■ Exercise objective:
Search the records for lines with the word "Black" and copy each match.

■ Material provided:

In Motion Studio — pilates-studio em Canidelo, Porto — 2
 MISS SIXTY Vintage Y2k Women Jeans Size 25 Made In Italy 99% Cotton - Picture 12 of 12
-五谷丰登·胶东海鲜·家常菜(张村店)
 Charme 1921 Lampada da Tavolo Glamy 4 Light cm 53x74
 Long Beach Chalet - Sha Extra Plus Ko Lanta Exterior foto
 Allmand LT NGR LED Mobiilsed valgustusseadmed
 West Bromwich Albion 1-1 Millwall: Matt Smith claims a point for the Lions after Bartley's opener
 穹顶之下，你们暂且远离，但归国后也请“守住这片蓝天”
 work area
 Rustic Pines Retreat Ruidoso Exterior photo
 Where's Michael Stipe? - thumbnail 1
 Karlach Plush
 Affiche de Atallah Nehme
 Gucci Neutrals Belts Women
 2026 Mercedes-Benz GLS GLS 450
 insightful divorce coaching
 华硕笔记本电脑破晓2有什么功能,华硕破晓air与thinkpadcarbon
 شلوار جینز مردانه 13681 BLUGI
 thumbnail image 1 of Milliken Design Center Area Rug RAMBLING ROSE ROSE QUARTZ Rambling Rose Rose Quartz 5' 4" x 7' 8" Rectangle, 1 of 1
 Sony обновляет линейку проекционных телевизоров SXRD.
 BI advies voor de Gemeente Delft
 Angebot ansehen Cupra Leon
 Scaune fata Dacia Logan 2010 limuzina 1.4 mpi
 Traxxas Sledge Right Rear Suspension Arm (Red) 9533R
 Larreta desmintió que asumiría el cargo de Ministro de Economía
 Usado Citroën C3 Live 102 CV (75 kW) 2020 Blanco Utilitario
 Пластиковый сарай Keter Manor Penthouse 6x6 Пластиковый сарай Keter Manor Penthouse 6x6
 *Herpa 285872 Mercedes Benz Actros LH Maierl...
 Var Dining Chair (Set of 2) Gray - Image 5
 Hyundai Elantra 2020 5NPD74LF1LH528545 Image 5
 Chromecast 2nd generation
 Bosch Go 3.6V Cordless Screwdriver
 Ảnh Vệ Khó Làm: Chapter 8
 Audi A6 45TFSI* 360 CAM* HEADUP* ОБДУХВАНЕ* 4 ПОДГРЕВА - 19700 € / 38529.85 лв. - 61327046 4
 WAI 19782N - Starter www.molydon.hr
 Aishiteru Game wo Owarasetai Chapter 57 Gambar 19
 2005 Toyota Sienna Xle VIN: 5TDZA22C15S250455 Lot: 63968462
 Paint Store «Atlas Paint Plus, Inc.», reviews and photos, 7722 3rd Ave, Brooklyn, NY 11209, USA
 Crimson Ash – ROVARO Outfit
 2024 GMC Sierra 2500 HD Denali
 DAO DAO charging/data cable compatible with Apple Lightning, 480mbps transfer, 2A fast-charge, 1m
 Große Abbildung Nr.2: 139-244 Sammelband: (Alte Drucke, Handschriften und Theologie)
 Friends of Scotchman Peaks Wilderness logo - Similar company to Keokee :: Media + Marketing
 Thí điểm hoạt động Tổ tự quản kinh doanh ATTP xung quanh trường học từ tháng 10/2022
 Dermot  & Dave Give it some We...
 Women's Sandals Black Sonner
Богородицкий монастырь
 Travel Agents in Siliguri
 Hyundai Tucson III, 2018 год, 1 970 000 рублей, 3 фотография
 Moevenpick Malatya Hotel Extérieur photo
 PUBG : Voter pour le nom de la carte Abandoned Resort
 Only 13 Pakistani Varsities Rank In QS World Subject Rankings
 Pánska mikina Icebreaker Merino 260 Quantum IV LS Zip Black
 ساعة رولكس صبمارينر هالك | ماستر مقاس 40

■ Answer for the task:
 Women's Sandals Black Sonner
 Pánska mikina Icebreaker Merino 260 Quantum IV LS Zip Black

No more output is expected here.